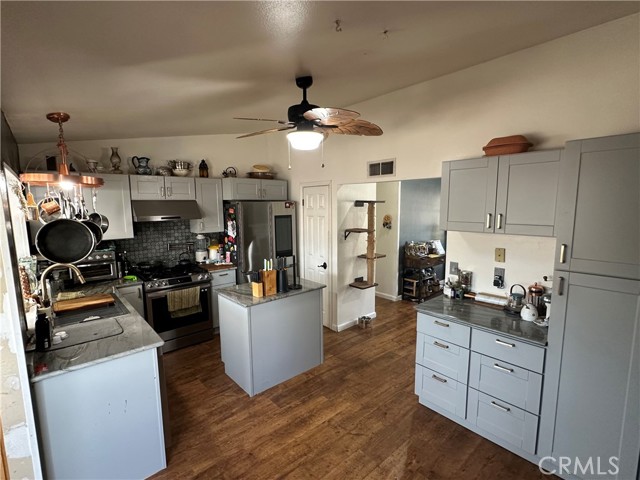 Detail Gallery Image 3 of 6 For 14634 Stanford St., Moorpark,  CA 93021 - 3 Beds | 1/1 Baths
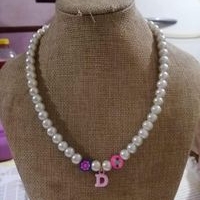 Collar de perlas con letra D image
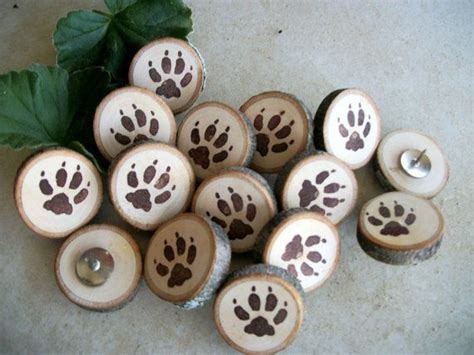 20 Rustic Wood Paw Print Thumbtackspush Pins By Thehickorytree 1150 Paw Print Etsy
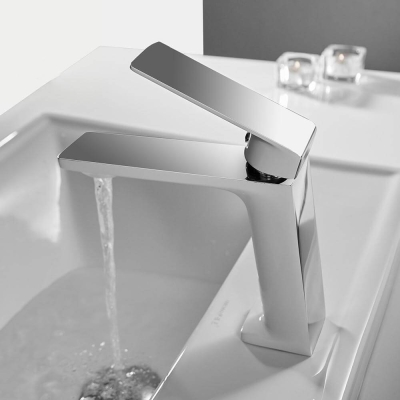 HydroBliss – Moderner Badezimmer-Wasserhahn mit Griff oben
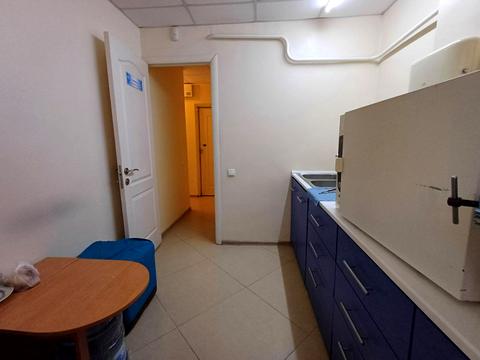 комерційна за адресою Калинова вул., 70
* * *
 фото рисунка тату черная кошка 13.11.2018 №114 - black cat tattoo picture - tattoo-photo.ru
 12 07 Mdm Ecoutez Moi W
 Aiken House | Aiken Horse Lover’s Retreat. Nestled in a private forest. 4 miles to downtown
...
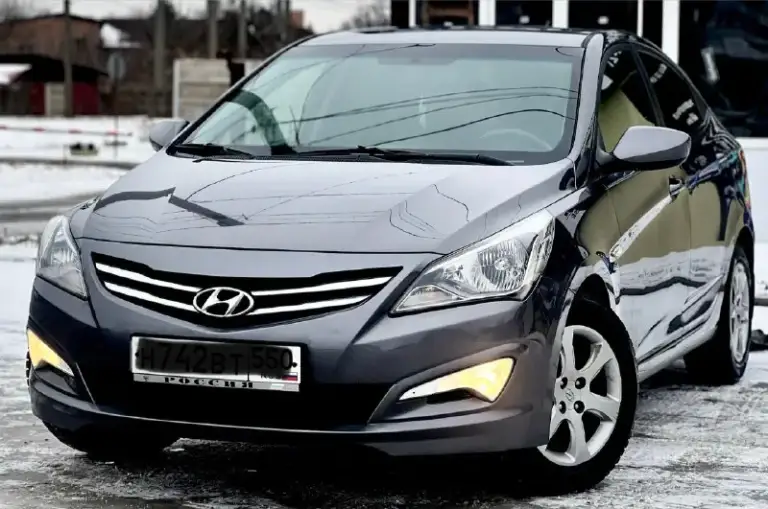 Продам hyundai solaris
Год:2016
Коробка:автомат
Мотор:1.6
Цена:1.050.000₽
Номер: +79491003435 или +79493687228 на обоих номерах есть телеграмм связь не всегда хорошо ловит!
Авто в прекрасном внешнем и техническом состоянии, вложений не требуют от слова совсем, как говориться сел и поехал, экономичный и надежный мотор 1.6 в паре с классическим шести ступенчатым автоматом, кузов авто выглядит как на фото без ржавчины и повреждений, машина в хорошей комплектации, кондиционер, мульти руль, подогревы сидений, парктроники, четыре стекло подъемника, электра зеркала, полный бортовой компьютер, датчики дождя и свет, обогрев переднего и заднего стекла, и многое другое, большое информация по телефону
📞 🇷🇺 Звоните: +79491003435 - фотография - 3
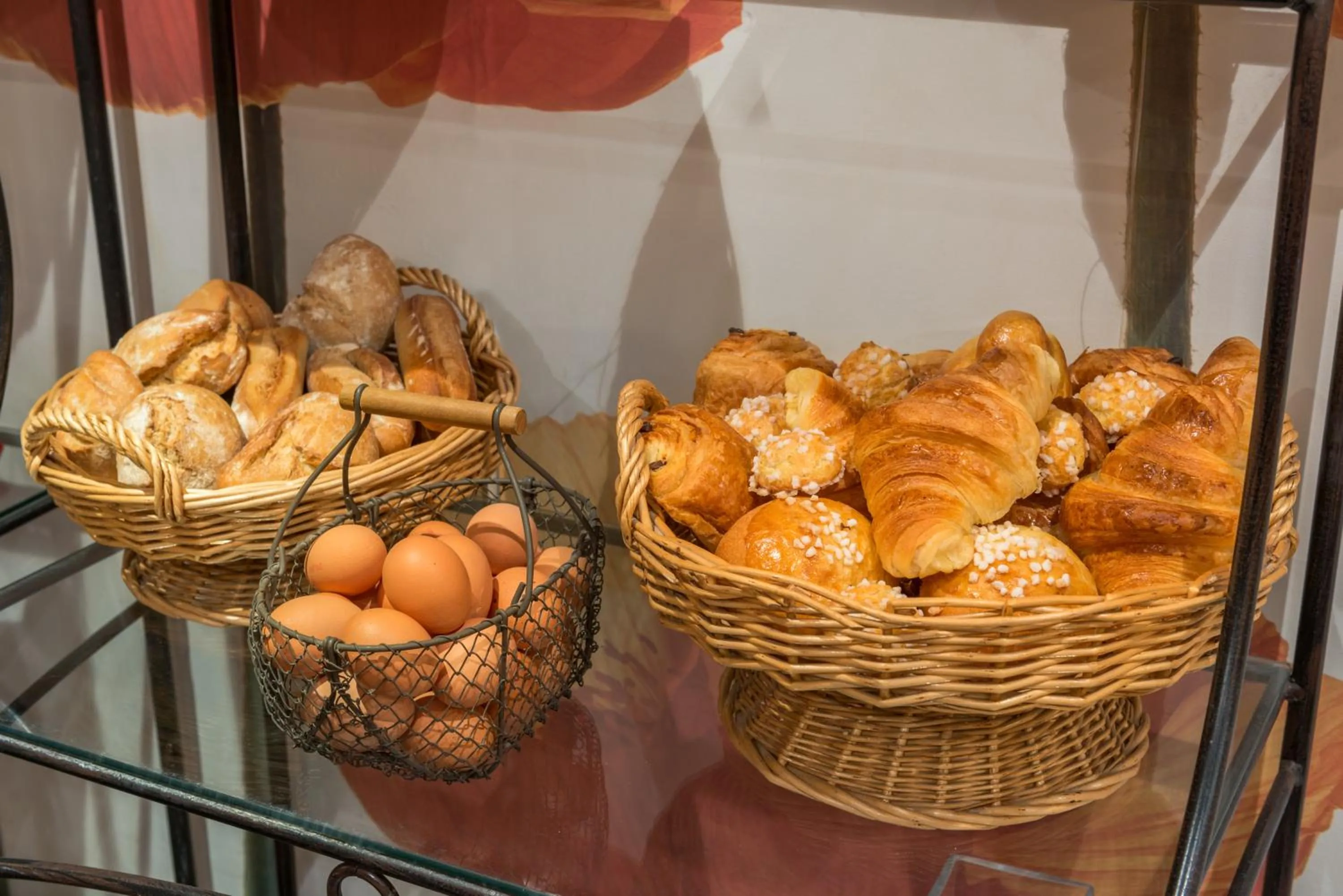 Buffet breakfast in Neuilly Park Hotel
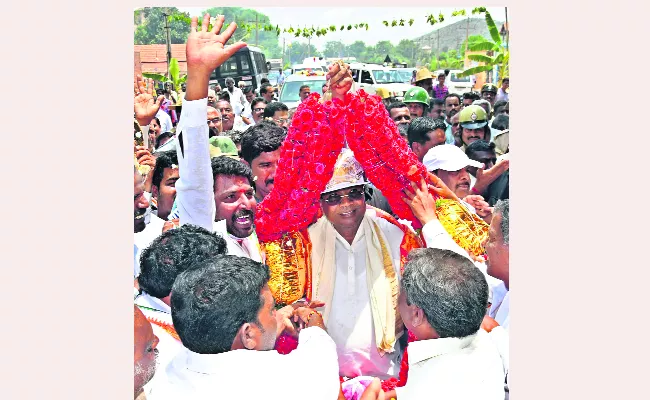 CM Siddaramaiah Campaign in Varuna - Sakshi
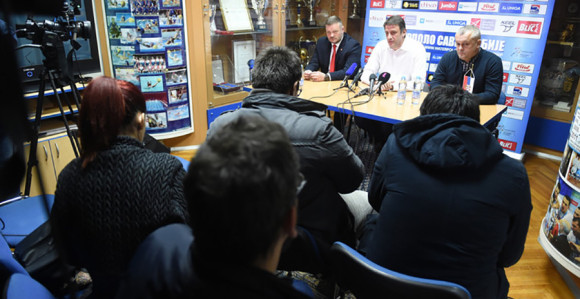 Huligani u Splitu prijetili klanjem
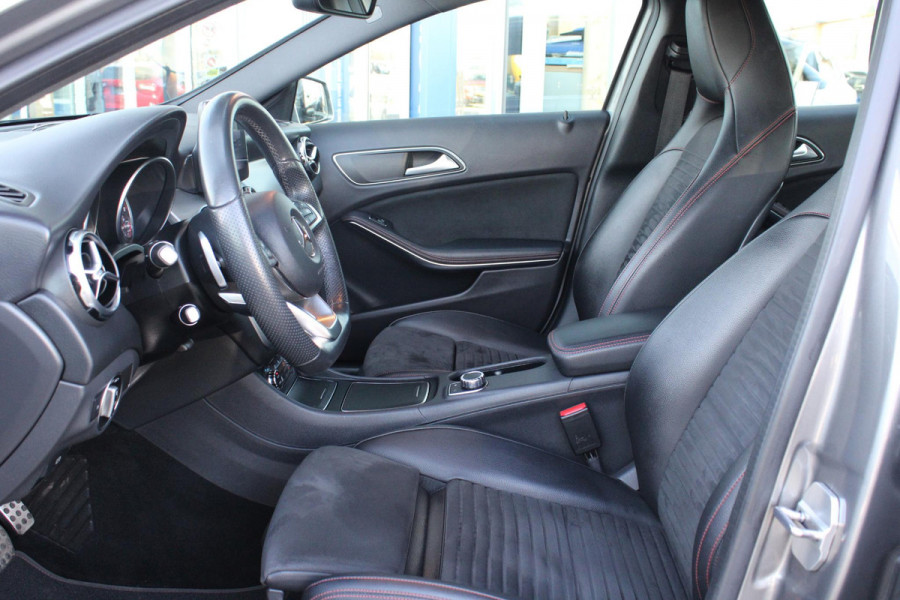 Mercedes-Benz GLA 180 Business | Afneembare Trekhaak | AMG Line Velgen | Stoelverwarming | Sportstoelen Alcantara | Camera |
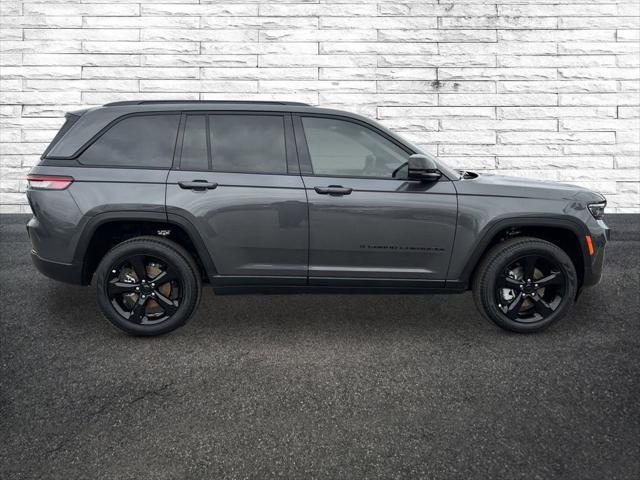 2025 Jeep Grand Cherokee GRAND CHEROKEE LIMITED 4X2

→ WHAT TO DO:
Output only the lines above from the line that holds "20 Rustic Wood" through the line that holds "комерційна за адресою Калинова вул., 70", both ends included, and exclude pictures.

→ ANSWER TO THE EXERCISE:
 20 Rustic Wood Paw Print Thumbtackspush Pins By Thehickorytree 1150 Paw Print Etsy
 HydroBliss – Moderner Badezimmer-Wasserhahn mit Griff oben
 комерційна за адресою Калинова вул., 70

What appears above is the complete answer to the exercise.